De Afdeling bestuursrechtspraak van de Raad van State:

I.        verklaart de beroepen van [appellant sub 2] en anderen en [appellant sub 3] tegen het besluit van het college van burgemeester en wethouders van De Bilt van 22 oktober 2020 ongegrond;

II.       verklaart het beroep van Stichting Milieuzorg Zeist en omstreken tegen het besluit van het college van burgemeester en wethouders van De Bilt van 22 oktober 2020 gegrond;

III.      vernietigt het besluit van het college van burgemeester en wethouders van De Bilt van 22 oktober 2020, voor zover daarin niet is geborgd dat aan de voorwaarden uit artikel 3.5.3 van de planregels van het bestemmingsplan "Bedrijvenpark Larenstein, 1e herziening" wordt voldaan;

IV.     verklaart de beroepen van [appellant sub 2] en anderen, [appellant sub 3] en [vergunninghoudster] tegen het besluit van het college van burgemeester en wethouders van De Bilt van 1 april 2022 ongegrond;

V.      verklaart de beroepen van Stichting Milieuzorg Zeist en omstreken, [appellant sub 2] en anderen en [appellant sub 3] tegen de besluiten van het college van burgemeester en wethouders van De Bilt van 3 juli 2020 en 3 september 2020 niet-ontvankelijk;

VI.     veroordeelt het college van burgemeester en wethouders van De Bilt tot vergoeding van bij [appellant sub 2] en anderen in verband met de behandeling van het beroep opgekomen proceskosten tot een bedrag van € 2.277,00, geheel toe te rekenen aan door een derde beroepsmatig verleende rechtsbijstand, waarbij geldt dat het college bij betaling van genoemd bedrag aan een van hen aan zijn betalingsverplichting heeft voldaan;

VII.     gelast dat het college van burgemeester en wethouders van De Bilt aan:

a.

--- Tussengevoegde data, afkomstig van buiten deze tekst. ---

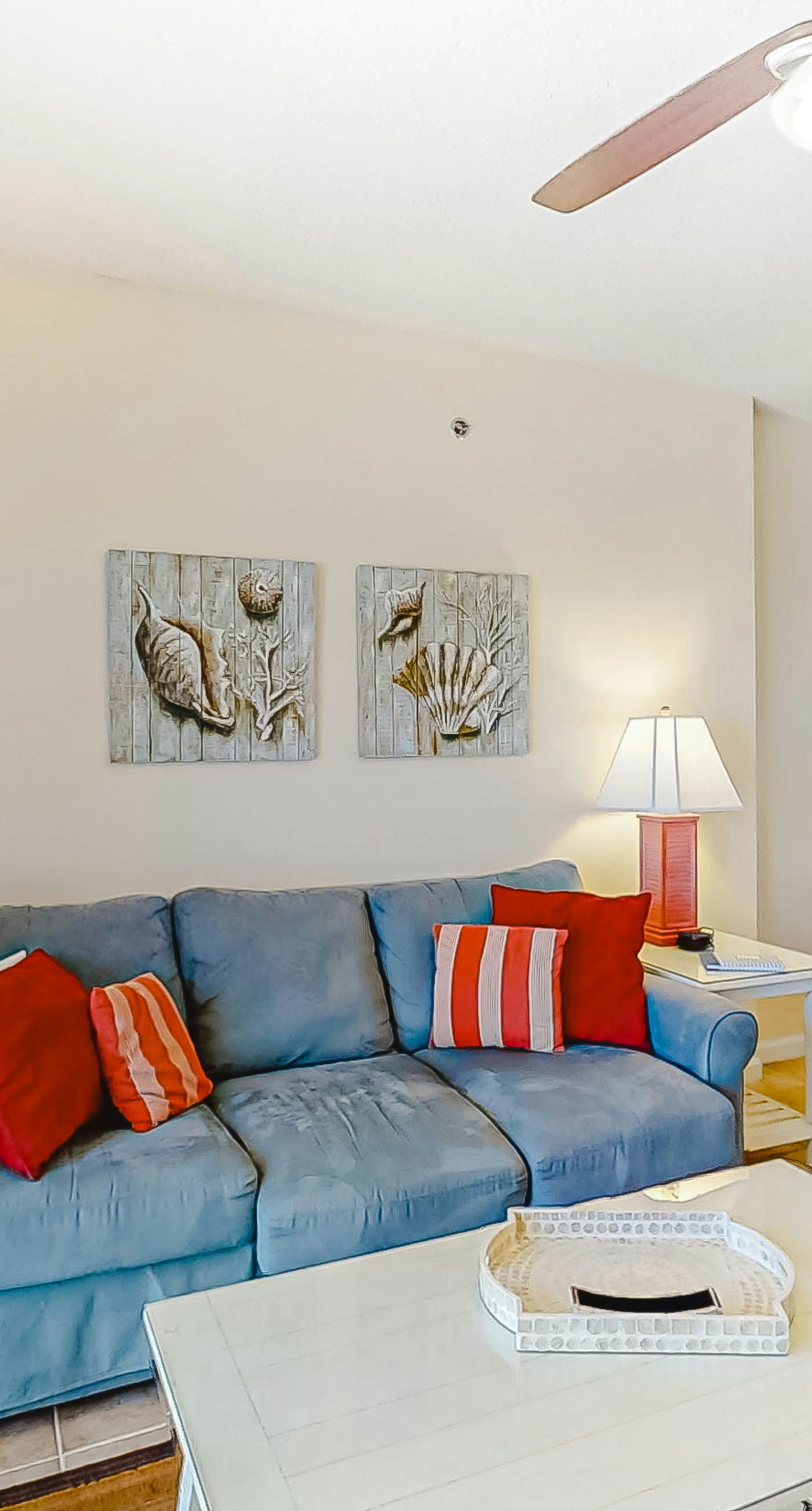 Bright and Convenient Condo Overlooking the Gulf + Shared Pool, Free WiFi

Stichting Milieuzorg Zeist en omstreken het door haar voor de behandeling van het beroep betaalde griffierecht ten bedrage van € 354,00 vergoedt;

b. [appellant sub 2] en anderen het door hen voor de behandeling van het beroep betaalde griffierecht ten bedrage van € 178,00 vergoedt, waarbij geldt dat het college bij betaling van genoemd bedrag aan een van hen aan zijn betalingsverplichting heeft voldaan;

c. [appellant sub 3] het door haar voor de behandeling van het beroep betaalde griffierecht ten bedrage van € 178,00 vergoedt.

Aldus vastgesteld door mr. G.T.J.M. Jurgens, voorzitter, en mr. E.J. Daalder en mr. J.J.W.P. van Gastel, leden, in tegenwoordigheid van mr. M.L.M. van Loo, griffier.

De voorzitter is verhinderd de uitspraak te ondertekenen.

De griffier is verhinderd de uitspraak te ondertekenen.